__Work task__.
Among the entries below, determine how many lines contain the word "simple" and state only that figure.

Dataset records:
-- Opening Marker --

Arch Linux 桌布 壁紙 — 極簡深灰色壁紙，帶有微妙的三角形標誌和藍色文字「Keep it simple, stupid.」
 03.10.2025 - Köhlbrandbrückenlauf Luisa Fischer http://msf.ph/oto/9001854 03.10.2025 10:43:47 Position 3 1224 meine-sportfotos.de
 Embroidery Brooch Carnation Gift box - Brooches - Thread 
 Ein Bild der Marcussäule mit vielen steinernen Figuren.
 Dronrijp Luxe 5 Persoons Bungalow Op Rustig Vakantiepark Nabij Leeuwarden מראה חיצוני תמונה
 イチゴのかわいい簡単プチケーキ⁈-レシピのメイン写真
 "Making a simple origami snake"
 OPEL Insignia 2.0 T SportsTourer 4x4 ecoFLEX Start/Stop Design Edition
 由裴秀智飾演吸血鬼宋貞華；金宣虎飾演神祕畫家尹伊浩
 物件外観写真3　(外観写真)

-- Closing Marker --

__Answer for the task__.
2